From top to bottom, restate the entries below word for word.

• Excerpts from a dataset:
══════════

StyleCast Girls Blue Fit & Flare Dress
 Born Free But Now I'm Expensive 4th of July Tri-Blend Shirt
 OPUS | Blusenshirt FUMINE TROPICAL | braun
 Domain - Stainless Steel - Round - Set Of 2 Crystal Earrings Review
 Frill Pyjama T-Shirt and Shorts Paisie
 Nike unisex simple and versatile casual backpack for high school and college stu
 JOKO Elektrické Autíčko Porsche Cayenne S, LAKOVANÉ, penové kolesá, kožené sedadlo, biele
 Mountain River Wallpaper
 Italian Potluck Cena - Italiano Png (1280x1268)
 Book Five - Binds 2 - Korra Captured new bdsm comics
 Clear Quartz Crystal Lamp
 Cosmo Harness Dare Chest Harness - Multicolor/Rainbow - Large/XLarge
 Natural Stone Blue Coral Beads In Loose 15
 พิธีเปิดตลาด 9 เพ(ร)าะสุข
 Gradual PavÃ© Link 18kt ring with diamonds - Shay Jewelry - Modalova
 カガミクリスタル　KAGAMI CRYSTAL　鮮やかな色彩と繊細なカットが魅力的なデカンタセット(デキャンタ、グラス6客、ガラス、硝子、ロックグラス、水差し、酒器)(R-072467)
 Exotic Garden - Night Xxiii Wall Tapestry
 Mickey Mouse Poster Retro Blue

══════════

• EXERCISE OUTPUT:
StyleCast Girls Blue Fit & Flare Dress
 Born Free But Now I'm Expensive 4th of July Tri-Blend Shirt
 OPUS | Blusenshirt FUMINE TROPICAL | braun
 Domain - Stainless Steel - Round - Set Of 2 Crystal Earrings Review
 Frill Pyjama T-Shirt and Shorts Paisie
 Nike unisex simple and versatile casual backpack for high school and college stu
 JOKO Elektrické Autíčko Porsche Cayenne S, LAKOVANÉ, penové kolesá, kožené sedadlo, biele
 Mountain River Wallpaper
 Italian Potluck Cena - Italiano Png (1280x1268)
 Book Five - Binds 2 - Korra Captured new bdsm comics
 Clear Quartz Crystal Lamp
 Cosmo Harness Dare Chest Harness - Multicolor/Rainbow - Large/XLarge
 Natural Stone Blue Coral Beads In Loose 15
 พิธีเปิดตลาด 9 เพ(ร)าะสุข
 Gradual PavÃ© Link 18kt ring with diamonds - Shay Jewelry - Modalova
 カガミクリスタル　KAGAMI CRYSTAL　鮮やかな色彩と繊細なカットが魅力的なデカンタセット(デキャンタ、グラス6客、ガラス、硝子、ロックグラス、水差し、酒器)(R-072467)
 Exotic Garden - Night Xxiii Wall Tapestry
 Mickey Mouse Poster Retro Blue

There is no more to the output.